09/14 2024 408
Recently, Fengchao Holdings, the leading smart locker company, officially submitted its prospectus to the Hong Kong Stock Exchange. If the listing is successful, Wang Wei, the actual controller, will secure his fifth IPO.
As the terminal business arm of SF Express, Fengchao has emerged victorious in the fiercely competitive market, securing the top position in the industry. Having achieved profitability for the first time, what new capital story will it unfold upon its IPO?
[First Turnaround to Profitability]
After nine years, Fengchao has finally turned a profit.
Fengchao is well-known to many, but as a logistics solution provider, its core business extends beyond the well-known last-mile delivery service.
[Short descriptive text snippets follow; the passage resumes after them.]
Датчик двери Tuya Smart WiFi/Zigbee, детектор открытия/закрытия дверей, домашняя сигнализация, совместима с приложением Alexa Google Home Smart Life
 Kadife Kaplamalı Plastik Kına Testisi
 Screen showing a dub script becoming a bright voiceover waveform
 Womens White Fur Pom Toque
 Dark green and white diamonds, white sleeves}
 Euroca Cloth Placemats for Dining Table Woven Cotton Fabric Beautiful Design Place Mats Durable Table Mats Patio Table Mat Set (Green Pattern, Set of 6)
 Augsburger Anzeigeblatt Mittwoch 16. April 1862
It also offers intelligent delivery and other value-added services such as laundry and home services.
In terms of performance, Fengchao has demonstrated steady revenue growth in recent years. From 2021 to the first five months of 2024, its revenue was 2.526 billion, 2.891 billion, 3.812 billion, and 1.904 billion yuan, respectively. Notably, revenue for the first five months of this year increased by 33.6% compared to the same period last year.
Due to the significant infrastructure investments and delivery costs associated with the smart locker industry, heavy asset characteristics are evident, and losses have been a persistent issue. However, Fengchao has shown a marked improvement.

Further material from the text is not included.